L’Alpe 36 : éditorial

Chemin faisant, de numéro en numéro, que de voyageurs avons-nous croisés au gré des thèmes traités dans L’Alpe ! Et que de voyages avons-nous faits dans les écrits et les images qu’ils ont parfois laissés ! De quoi susciter le désir de s’attacher aux pas de ces passants d’un temps où les monts recelaient dragons et mystères. De s’interroger sur la curiosité qui a poussé certains d’entre eux, dès la Renaissance, à s’écarter des grandes vallées et des principales voies de passage. De découvrir leur quotidien, la façon dont ils trouvaient leur chemin, dénichaient un gîte, s’équipaient et se déplaçaient.

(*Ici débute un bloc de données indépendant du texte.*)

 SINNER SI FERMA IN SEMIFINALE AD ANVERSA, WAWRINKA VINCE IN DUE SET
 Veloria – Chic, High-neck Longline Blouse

De questionner enfin le regard qu’ils portaient sur des Alpes et des Alpins aussi exotiques qu’étonnants.

Dans un univers désormais cartographié par satellite, balisé et largement sécurisé, livré au tourisme de masse, on ne s’étonnera pas de cette fascination pour de telles « transhumances » au parfum d’exploration et pour tous ces savants, gentilshommes ou autres passionnés qui arpentaient les montagnes afin de repousser les limites du monde. Car la transformation du Grand Tour en tourisme au cours du XIXe siècle semble avoir définitivement tué l’esprit du voyage (de découverte) tel qu’il doit être, aventureux et curieux de tout. Les choses ne sont pourtant pas si simples. Il ne s’agit pas tant d’époque que de mentalité. Combien de voyageurs et de touristes d’autrefois en effet, bien mieux informés qu’on ne pourrait le croire, ne s’écartaient guère des étapes et itinéraires recommandés par les guides, regardant hommes et paysages à travers le prisme des clichés véhiculés par ces manuels.

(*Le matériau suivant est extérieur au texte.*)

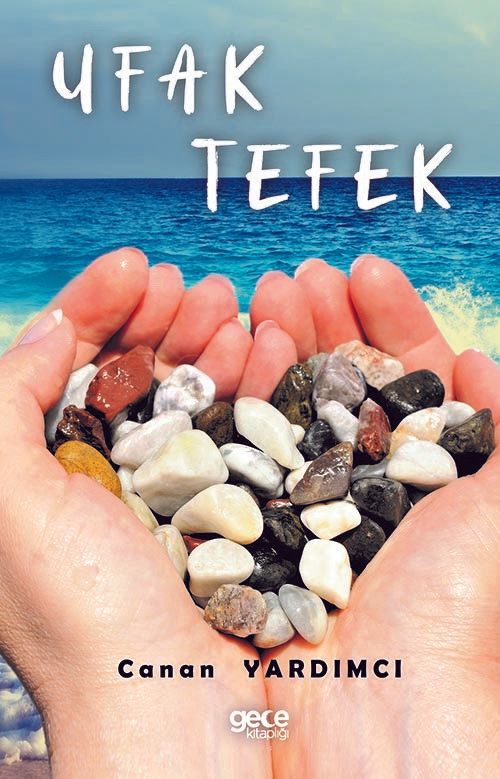 Ufak Tefek kapağı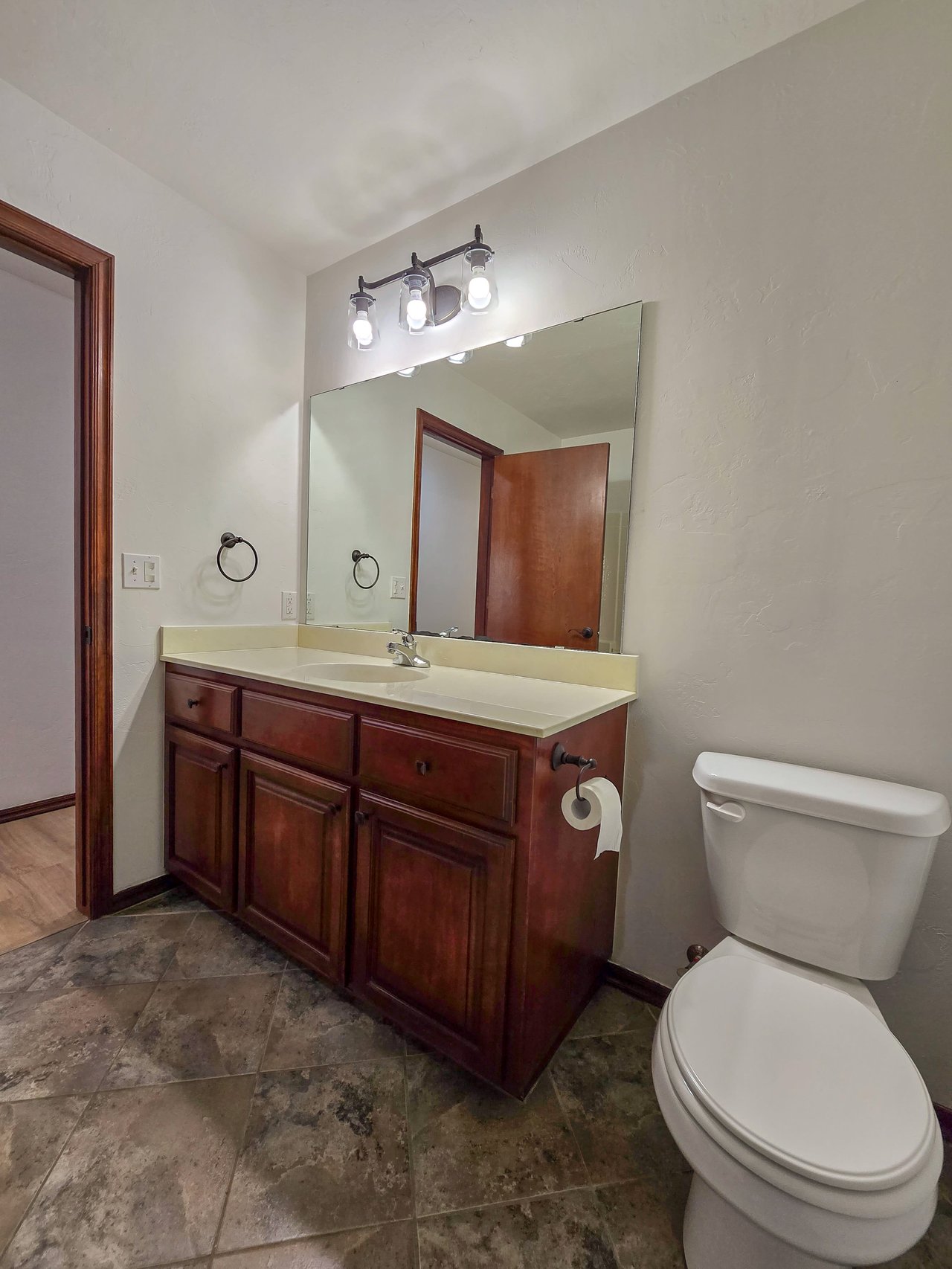 1211 Orchard Dr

À l’inverse, l’engouement actuel pour des cheminements comme la Via Alpina, itinéraire au long cours d’un bout à l’autre de l’arc alpin (voir le numéro 23 de L’Alpe), témoigne d’un désir de voyage dans la lenteur et l’étonnement. Qu’on se rassure, la déambulation émerveillée n’est pas l’apanage d’un lointain passé, même si celui-ci conserve tout son charme. Est-il même nécessaire d’entreprendre de lointains parcours pour voyager et ainsi « réactiver pendant un instant l’usage des yeux : la lecture du monde » comme le formule si bien l’écrivain italien Italo Calvino ? Le portfolio de ce numéro est là pour dire le contraire et rappeler que les Alpes restent un fabuleux réservoir de découvertes d’un ailleurs et d’un autre parfois tout proches. Une incitation, pour chacun, à entreprendre des périples hors des sentiers battus, sans autre bagage que des sens en éveil.